How does Python process lists?

Question

I have a list:

list1 = [1,2,3]

If I use a function to get some data which I want to replace in the original list

new_data = [2,3,4]

Why doesn't

list1 = new_data

mutate the original list? Why does it create a new reference?

list1[:] = new_data

does work, but why doesn't the other expression work?

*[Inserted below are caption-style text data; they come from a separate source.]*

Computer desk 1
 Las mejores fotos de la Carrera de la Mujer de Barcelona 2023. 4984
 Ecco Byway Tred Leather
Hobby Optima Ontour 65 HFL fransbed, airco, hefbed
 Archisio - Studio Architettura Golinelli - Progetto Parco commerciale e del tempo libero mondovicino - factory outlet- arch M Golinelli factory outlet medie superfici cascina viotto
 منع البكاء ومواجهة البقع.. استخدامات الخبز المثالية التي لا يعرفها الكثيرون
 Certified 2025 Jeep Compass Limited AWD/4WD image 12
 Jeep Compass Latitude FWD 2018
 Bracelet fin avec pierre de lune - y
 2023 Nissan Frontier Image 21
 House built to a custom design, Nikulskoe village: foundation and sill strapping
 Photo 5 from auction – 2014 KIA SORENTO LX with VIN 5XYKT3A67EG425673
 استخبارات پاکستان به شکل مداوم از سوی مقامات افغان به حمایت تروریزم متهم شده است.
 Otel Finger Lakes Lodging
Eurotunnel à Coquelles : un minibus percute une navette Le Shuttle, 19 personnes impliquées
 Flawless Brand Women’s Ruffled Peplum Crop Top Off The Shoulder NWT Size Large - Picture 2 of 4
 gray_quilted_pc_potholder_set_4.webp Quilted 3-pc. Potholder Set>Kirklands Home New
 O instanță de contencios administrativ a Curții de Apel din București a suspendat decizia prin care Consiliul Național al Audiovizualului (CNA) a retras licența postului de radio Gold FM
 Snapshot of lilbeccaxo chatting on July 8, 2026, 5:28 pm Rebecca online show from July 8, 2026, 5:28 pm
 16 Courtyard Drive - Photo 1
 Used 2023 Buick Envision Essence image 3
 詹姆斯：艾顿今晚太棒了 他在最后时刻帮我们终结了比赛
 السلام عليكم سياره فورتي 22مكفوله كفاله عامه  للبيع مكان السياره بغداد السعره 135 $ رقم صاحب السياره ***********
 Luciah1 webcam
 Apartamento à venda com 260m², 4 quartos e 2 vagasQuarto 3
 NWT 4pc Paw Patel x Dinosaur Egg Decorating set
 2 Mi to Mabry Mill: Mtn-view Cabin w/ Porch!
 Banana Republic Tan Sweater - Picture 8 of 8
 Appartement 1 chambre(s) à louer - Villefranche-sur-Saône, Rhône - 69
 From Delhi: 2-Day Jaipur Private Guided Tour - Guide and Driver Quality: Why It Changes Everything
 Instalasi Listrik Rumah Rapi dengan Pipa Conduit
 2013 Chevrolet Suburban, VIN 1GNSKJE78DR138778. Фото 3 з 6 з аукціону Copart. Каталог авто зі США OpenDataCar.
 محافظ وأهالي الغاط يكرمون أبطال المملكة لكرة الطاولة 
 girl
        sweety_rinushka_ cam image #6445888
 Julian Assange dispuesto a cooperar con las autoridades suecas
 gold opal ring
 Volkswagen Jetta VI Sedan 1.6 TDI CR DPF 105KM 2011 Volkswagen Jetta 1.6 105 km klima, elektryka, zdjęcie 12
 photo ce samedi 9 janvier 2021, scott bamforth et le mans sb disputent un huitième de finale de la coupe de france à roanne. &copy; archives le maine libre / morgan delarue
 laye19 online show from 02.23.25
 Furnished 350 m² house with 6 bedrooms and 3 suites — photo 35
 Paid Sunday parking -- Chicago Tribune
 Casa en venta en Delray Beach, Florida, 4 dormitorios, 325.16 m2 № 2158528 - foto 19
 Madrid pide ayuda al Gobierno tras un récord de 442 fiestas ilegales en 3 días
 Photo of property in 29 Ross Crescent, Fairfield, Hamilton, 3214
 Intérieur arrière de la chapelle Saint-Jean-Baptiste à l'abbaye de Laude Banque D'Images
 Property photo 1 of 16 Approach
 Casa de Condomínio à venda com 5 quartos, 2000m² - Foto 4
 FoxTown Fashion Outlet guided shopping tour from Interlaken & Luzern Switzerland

Because the Python language designer(s) decided that `=` should copy references, not entire objects. Most languages work like that. Is it really so surprising? — Matt Ball, Oct 28 '13 at 04:16
possible duplicate of [Python how to take a list as a parameter and edit its values?](http://stackoverflow.com/questions/19625946/python-how-to-take-a-list-as-a-parameter-and-edit-its-values) — aIKid, Oct 28 '13 at 04:23
Also possible duplicate of [Mutating list in python](http://stackoverflow.com/questions/17131536/mutating-list-in-python) — aIKid, Oct 28 '13 at 04:24

score 6 · Accepted Answer · answered Oct 28 '13 at 04:15

6

Because that's not how Python works. (What language does work like this?)

Python variable names are just that: names. Assigning foo = whatever just makes foo a new name for the object named by whatever. Simple assignment will never mutate an existing object.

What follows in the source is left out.